These Melted Mozzarella & Ranch Chicken Bombs are a mouthwatering combination of juicy chicken breasts, melty mozzarella, and flavorful ranch seasoning. Coated in a crispy breadcrumb crust, these cheesy chicken bombs are sure to be a hit at dinner! Perfect for a family meal or party snack.
4 boneless, skinless chicken breasts
1 packet (1 oz) ranch seasoning mix
1 teaspoon garlic powder
1/2 teaspoon smoked paprika
Salt and black pepper to taste
4 mozzarella cheese sticks (or 1 cup shredded mozzarella)
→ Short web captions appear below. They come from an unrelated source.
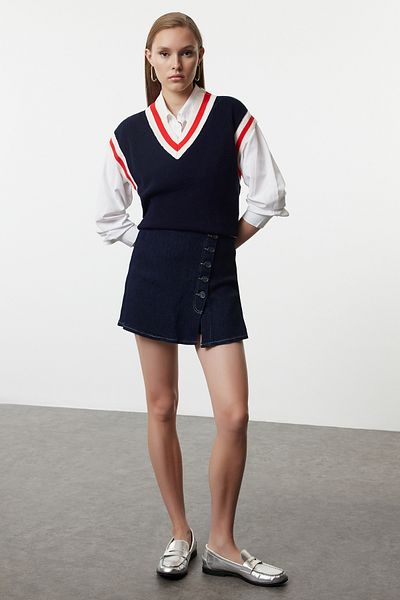 Trendyol Collection Zweireihiger dunkelblauer Jeans-Shorts-Rock – TWOAW25SR00034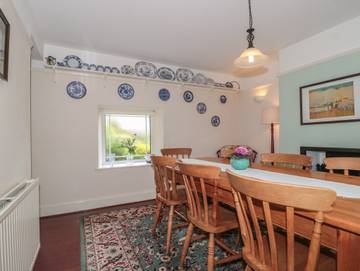 Log Cabin for 5 People in Cheddar, Somerset, Photo 4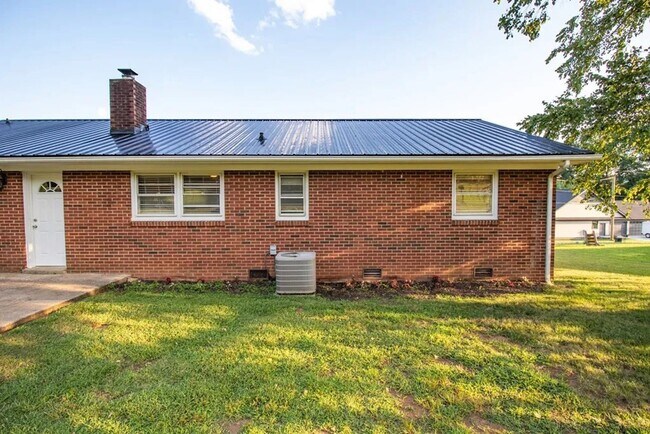 Building Photo - Spacious Home Bryson City limits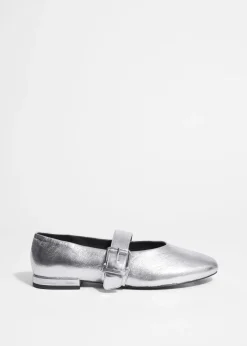 Ballerines En Cuir à Boucles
1/2 cup plain or Italian-style breadcrumbs
2 tablespoons grated Parmesan cheese
2 tablespoons melted butter or olive oil
Fresh parsley for garnish (optional)
Preheat Oven:
Preheat your oven to 400°F (200°C). Lightly grease a baking dish or line it with parchment paper.
Prepare the Chicken:
Pound the chicken breasts to an even thickness using a meat mallet. Season both sides with ranch seasoning, garlic powder, paprika, salt, and pepper.
Stuff with Cheese:
Place a mozzarella stick (or 1/4 cup shredded cheese) in the center of each chicken breast. Roll or fold the chicken around the cheese and secure with toothpicks if needed.
Coat in Breading:
In a shallow bowl, mix breadcrumbs and Parmesan cheese. Brush the chicken bombs with melted butter or olive oil, then roll in the breadcrumb mixture until evenly coated.
Bake:
Place the chicken in the prepared baking dish. Bake for 25–30 minutes, or until the chicken is golden, crispy, and cooked through (internal temp should be 165°F). For extra crispiness, broil for the last 2 minutes.
Serve:
Remove toothpicks and garnish with chopped parsley. Serve hot with a side of ranch dressing, mashed potatoes, or a crisp salad.
For an extra crispy finish, broil the chicken bombs during the last 2 minutes of baking.
You can swap out mozzarella for other cheeses, like cheddar or provolone, depending on your preference.
For a lighter option, you can substitute breadcrumbs with a low-carb alternative, like almond flour.